Somehow her mom convinced her to consider Houston ISD’s just-announced Energy Institute, the first high school in the nation to focus on careers in oil, gas and other energy sources and technologies.
Even though the decision to join the 200 freshmen in the magnet school’s inaugural class forced Davis to reinvent her social life, polish her math skills and spend 90 minutes on a bus every day, the 14-year-old knows she made the right call.
“I wanted to try something new, not to be a doctor or lawyer like everyone else. That’s boring,” said Davis, who will speak about the Energy Institute at Wednesday’s State of the Schools address in downtown Houston.
HISD leaders are confident the Energy Institute will join the ranks of the city’s elite high schools — including the DeBakey High School for Health Professions and Carnegie Vanguard, a school for gifted and talented students — and will fill a crucial gap in training Houston’s energy workforce.
Plans for the school were announced a year ago, and it opened its doors to students about seven months later. Despite the quick turnaround, Superintendent Terry Grier said the campus is already a success.
About 650 students applied for next year’s freshman class, three times the number of open seats. Students are chosen through a lottery.
“It was well-planned out, well-thought out,” Grier said. “The people in Houston, when they decide something is the right thing to do, they do it. They don’t lollygag around.”
In an economy with a shortage of qualified math, science and technology workers, these HISD freshmen are already receiving college brochures and will likely be heavily recruited by employers. Women are particularly in demand in these fields, and girls represent just 25 percent of the Energy Institute’s enrollment.
The Energy Institute opened in August at the former Holden Elementary in northwest Houston. Even though it’s just a temporary home, workers replaced some of the traditional walls of the classrooms with glass and replaced desks with tables to mimic a corporate setting. Each student has a laptop and each classroom is equipped with a 70-inch Internet-enabled TV.
Students take an engineering class each year and choose to specialize in offshore technology, geosciences or alternative energies. They are expected to take advanced math classes, and energy topics are infused into every subject.
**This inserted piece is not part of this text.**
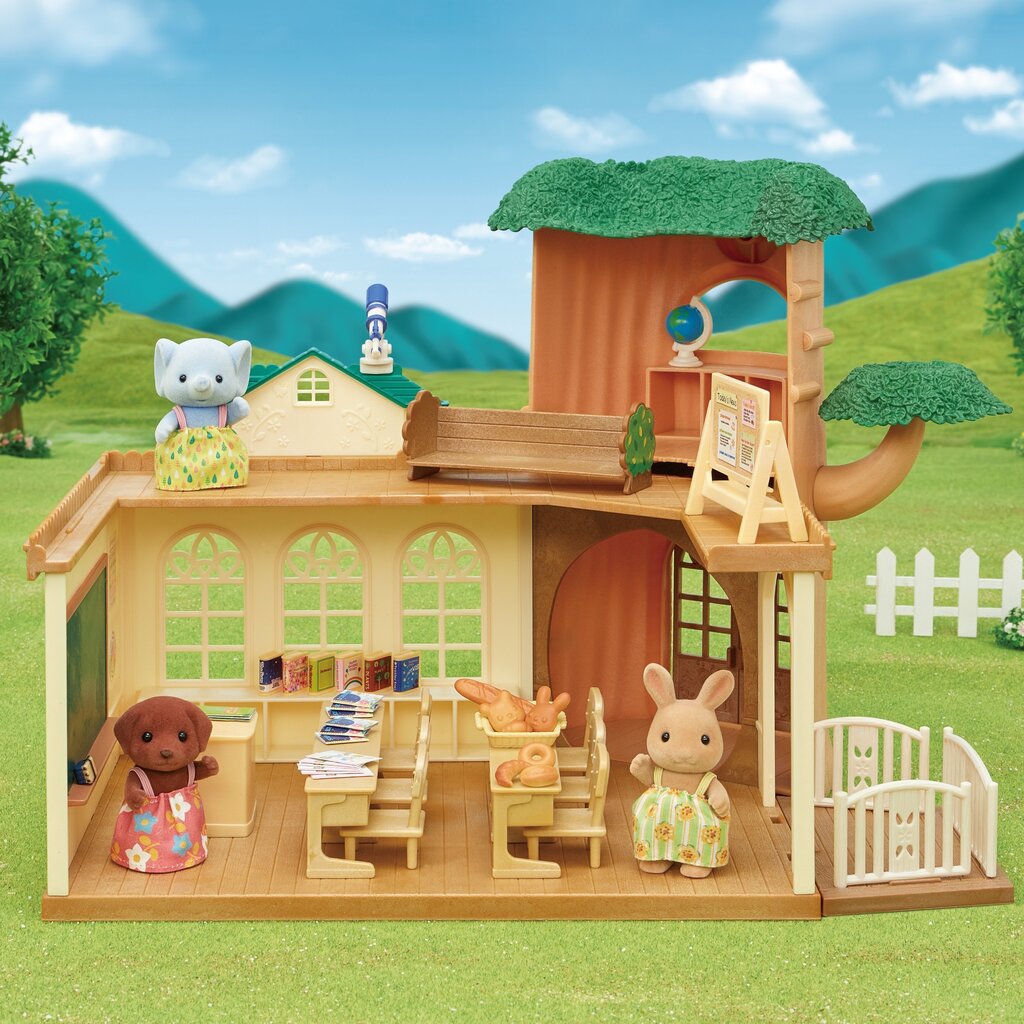 SYLVANIAN FAMILIES mängukomplekt Country Tree School hind ja info | Liivakastid, liiv ja mänguasjad | kaup24.ee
Career possibilities include engineering, smart welding, robotics and many others.
Davis and the other freshmen have lunched with ExxonMobil executives, toured energy corporations and learned to use state-of-the-art technology like 3-D printers.
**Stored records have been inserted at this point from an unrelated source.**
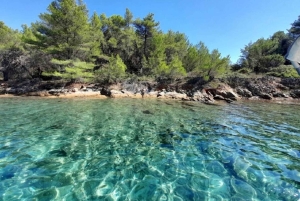 Zadar: RIB-bådtur til skjulte bugter med snorkling og drikkevarer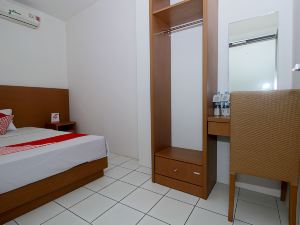 Super OYO 1678 Jati Exclusive Homestay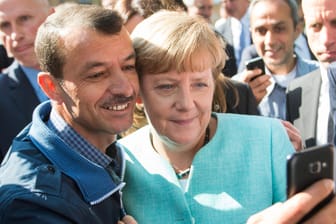 Selfies von Merkel mit Flüchtlingen wurden zum Symbol - dabei hat sie ihre Flüchtlingspolitik geändert.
“There’s all kind of things we can do with that school,” Grier said, “We’re just scratching the surface.”
Unlike on other campuses, students are allowed to use their smart phones and even listen to music when it doesn’t disrupt learning.
The school features project-based learning rather than traditional lectures and pencil-and-paper tests. Students work in groups to complete complicated assignments and then present their findings. The projects help students develop skills like problem solving, working on teams and public speaking, educators said.
Because energy is Houston’s bread-and-butter, educators said they’ve been flooded with help from local corporations. Area professionals serve on an advisory committee and also as tutors, mentors and guest speakers.
When the students near graduation, the companies will provide internship opportunities.
“We really try to find these unusual opportunities that give them glimpses into the professional world,” said Noelle MacGregor, dean of students.
While the opening has been fast, educators said they are thrilled with the first year.
“We made something from nothing,” said Principal Lori Lambropoulos, who added that her goals include recruiting more female students. “It’s been a very exciting journey.”
The biggest question remains the permanent location of the campus. Grier said HISD will likely build a state-of-the-art campus on district-owned land, but officials haven’t selected a site. The school probably will move to another temporary site next year to accommodate the growing enrollment — a grade level will be added each year until seniors graduate.
Davis, who was drawn to the school because she loves technology and enjoys building things, said she’s glad HISD’s magnet system gave her a choice.
“Education is your choice,” she said. “You have to think about it long-term.”